An important aspect of research on computer assisted language learning (CALL) and computer assisted pronunciation training (CAPT) at the Centre for Speech Technology (CTT), KTH, is its focus on using embodied conversational agents (ECA) for language learning. Using the person metaphor rather than the desktop metaphor as an instructional interface could be beneficial in CAPT for several reasons:

  • Users interacting with animated agents have been shown to spend more time with the system, think that it performs better, and enjoy the interaction more compared to interaction with a desktop interface (Walker et al., 1994, Koda and Maes, 1996, Lester and Stone, 1997, van Mulken and Andre, 1998).

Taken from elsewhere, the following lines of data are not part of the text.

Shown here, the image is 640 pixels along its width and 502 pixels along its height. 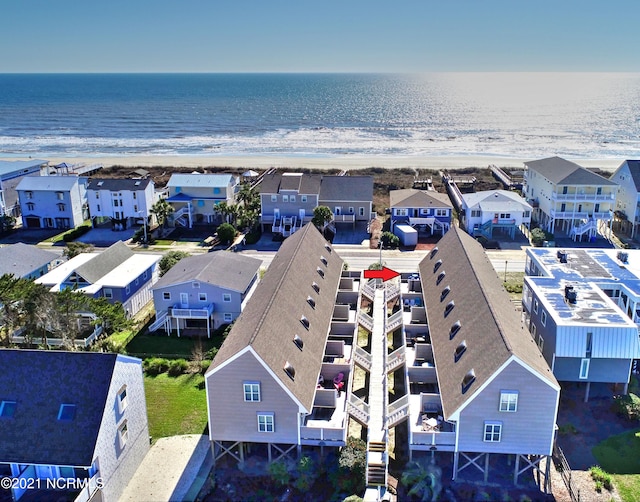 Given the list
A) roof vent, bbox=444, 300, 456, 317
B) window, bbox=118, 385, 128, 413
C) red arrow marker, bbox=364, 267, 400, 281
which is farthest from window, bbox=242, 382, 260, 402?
red arrow marker, bbox=364, 267, 400, 281

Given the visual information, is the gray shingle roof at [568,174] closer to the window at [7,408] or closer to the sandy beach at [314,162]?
the sandy beach at [314,162]

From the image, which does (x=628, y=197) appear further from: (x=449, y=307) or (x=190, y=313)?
(x=190, y=313)

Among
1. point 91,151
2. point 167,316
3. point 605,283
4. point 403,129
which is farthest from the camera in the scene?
point 403,129

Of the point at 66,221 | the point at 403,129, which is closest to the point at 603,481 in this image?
the point at 66,221

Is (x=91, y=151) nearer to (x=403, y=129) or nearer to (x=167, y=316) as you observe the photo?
(x=403, y=129)

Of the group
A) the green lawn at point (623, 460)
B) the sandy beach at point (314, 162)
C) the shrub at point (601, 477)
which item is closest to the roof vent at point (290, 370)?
the shrub at point (601, 477) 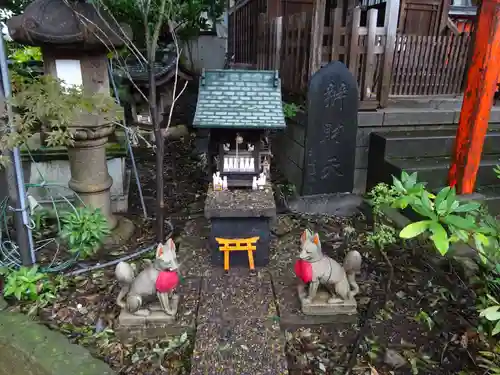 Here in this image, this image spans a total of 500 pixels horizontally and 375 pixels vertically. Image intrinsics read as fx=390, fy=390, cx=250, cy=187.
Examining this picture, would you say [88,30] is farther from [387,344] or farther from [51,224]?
[387,344]

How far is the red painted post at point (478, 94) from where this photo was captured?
12.2ft

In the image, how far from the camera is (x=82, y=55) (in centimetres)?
404

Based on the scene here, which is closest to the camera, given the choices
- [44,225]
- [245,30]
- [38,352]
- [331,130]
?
[38,352]

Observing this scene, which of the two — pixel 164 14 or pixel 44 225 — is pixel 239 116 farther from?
pixel 44 225

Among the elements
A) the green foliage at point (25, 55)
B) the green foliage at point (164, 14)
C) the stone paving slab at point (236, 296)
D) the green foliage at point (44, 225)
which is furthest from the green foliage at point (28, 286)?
the green foliage at point (25, 55)

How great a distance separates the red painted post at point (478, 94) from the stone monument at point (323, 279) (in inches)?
70.4

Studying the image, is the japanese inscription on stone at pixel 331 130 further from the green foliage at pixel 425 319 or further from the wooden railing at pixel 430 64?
the green foliage at pixel 425 319

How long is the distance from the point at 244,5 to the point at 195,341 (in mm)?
9759

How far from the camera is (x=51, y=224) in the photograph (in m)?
5.07

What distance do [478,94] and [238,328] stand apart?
322 cm

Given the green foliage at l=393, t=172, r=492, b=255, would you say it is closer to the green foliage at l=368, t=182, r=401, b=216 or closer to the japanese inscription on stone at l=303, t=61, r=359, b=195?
the green foliage at l=368, t=182, r=401, b=216

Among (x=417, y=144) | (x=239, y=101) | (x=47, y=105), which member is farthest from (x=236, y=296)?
(x=417, y=144)

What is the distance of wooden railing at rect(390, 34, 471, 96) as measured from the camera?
634 cm

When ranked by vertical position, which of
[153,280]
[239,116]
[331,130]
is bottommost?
[153,280] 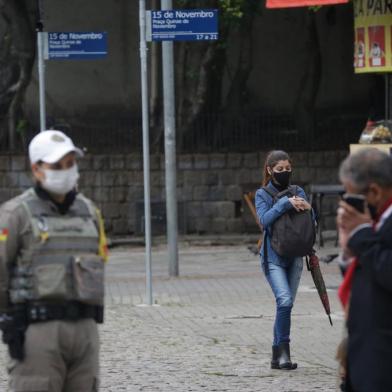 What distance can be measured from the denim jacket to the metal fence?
44.2ft

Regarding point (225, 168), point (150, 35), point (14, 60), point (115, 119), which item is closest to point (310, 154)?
point (225, 168)

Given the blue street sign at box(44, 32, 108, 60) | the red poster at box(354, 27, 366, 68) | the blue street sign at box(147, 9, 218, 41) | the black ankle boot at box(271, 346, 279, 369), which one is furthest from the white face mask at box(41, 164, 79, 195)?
the red poster at box(354, 27, 366, 68)

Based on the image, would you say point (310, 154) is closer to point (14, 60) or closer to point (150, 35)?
point (14, 60)

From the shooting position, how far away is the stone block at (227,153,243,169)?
23172 millimetres

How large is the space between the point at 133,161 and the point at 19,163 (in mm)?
1953

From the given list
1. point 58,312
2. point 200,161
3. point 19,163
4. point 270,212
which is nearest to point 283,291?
point 270,212

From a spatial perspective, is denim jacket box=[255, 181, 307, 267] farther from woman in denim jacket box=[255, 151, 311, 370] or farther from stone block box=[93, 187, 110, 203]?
stone block box=[93, 187, 110, 203]

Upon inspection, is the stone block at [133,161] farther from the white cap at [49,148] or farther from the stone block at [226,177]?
the white cap at [49,148]

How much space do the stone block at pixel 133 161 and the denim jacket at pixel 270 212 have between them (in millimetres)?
13172

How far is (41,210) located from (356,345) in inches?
60.9

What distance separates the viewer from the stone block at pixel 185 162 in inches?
914

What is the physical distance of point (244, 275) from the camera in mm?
17172

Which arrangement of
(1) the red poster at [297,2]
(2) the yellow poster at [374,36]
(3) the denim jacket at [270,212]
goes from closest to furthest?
(3) the denim jacket at [270,212] → (1) the red poster at [297,2] → (2) the yellow poster at [374,36]

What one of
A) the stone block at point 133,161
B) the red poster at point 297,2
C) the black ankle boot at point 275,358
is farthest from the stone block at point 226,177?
the black ankle boot at point 275,358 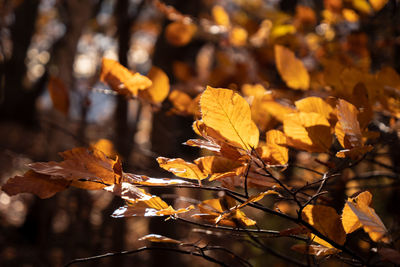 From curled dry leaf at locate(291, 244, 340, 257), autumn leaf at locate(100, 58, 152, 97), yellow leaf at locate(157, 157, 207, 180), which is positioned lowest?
curled dry leaf at locate(291, 244, 340, 257)

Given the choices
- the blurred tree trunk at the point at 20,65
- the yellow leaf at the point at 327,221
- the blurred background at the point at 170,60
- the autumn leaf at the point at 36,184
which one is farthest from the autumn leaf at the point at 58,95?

  • Speech is multimodal and we communicate more than just verbally through our facial expression. It is well established that visual information supports speech perception (Sumby and Pollack, 1954). Since acoustic and visual speech are complementary modalities, introducing an ECA could make the learning more robust and efficient.

  • Subjects listening to a foreign language often make use of visual information to a greater extent than subjects listening to their own language (Burnham and Lau, 1999, Granström et al., 1999).

  • The efficiency of ECAs for language training of deaf children has been demonstrated by Massaro and Light (2004). Bosseler and Massaro (2003) have also shown that using an ECA as an automatic tutor for vocabulary and language learning is advantageous for children with autism.

  • ECAs are able to give feedback on articulations that a human tutor cannot easily demonstrate. Augmented reality display of the face that shows the position and movement of intra-oral articulators together with the speech signal may improve the learner’s perception and production of new language sounds by internalizing the relationships between speech sounds and the gestures (Engwall, 2008).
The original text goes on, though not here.